**The task**:
The line containing "The ornate eaves" marks the end; copy exactly all lines from the start of the material up to and including it.

════════════════════

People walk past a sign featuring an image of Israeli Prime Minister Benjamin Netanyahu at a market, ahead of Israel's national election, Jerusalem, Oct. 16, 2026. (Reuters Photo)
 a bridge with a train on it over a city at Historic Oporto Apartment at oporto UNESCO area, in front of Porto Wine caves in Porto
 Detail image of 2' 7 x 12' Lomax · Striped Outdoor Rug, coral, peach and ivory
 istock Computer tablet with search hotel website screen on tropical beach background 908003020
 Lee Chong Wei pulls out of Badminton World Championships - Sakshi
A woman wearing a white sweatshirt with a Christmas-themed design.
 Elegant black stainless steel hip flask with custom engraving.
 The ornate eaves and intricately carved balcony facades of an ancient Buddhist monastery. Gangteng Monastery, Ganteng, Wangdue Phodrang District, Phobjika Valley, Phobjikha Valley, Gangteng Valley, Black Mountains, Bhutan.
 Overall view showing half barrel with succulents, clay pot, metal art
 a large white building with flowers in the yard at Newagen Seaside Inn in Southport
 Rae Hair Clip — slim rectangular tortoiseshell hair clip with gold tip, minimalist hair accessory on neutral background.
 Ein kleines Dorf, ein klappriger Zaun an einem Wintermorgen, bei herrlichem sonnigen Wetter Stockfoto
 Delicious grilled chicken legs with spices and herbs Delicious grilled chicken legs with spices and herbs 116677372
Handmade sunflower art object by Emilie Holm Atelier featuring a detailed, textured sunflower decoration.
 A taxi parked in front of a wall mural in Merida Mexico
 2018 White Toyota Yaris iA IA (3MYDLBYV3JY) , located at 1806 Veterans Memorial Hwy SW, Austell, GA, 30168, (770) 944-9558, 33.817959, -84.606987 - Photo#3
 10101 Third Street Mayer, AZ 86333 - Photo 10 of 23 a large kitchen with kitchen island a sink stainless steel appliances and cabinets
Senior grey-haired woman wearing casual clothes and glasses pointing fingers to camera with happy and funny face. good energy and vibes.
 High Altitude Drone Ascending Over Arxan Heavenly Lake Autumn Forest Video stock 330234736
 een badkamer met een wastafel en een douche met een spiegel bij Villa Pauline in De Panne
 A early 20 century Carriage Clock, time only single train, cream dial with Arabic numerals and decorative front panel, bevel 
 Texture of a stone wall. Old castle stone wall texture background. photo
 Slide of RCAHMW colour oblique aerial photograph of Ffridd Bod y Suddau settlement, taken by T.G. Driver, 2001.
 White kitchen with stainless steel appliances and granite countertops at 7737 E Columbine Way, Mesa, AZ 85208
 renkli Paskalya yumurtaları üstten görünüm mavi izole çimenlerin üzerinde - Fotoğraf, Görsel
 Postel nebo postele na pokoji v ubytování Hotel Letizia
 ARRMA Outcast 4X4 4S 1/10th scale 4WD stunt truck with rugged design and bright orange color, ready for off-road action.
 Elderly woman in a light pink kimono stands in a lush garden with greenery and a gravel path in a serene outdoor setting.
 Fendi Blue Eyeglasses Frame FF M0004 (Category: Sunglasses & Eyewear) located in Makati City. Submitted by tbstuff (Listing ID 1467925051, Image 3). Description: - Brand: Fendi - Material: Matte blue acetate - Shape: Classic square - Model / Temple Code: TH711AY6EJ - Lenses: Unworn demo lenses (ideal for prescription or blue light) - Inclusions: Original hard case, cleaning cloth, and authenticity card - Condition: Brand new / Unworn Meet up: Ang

════════════════════

**Exercise output**:
People walk past a sign featuring an image of Israeli Prime Minister Benjamin Netanyahu at a market, ahead of Israel's national election, Jerusalem, Oct. 16, 2026. (Reuters Photo)
 a bridge with a train on it over a city at Historic Oporto Apartment at oporto UNESCO area, in front of Porto Wine caves in Porto
 Detail image of 2' 7 x 12' Lomax · Striped Outdoor Rug, coral, peach and ivory
 istock Computer tablet with search hotel website screen on tropical beach background 908003020
 Lee Chong Wei pulls out of Badminton World Championships - Sakshi
A woman wearing a white sweatshirt with a Christmas-themed design.
 Elegant black stainless steel hip flask with custom engraving.
 The ornate eaves and intricately carved balcony facades of an ancient Buddhist monastery. Gangteng Monastery, Ganteng, Wangdue Phodrang District, Phobjika Valley, Phobjikha Valley, Gangteng Valley, Black Mountains, Bhutan.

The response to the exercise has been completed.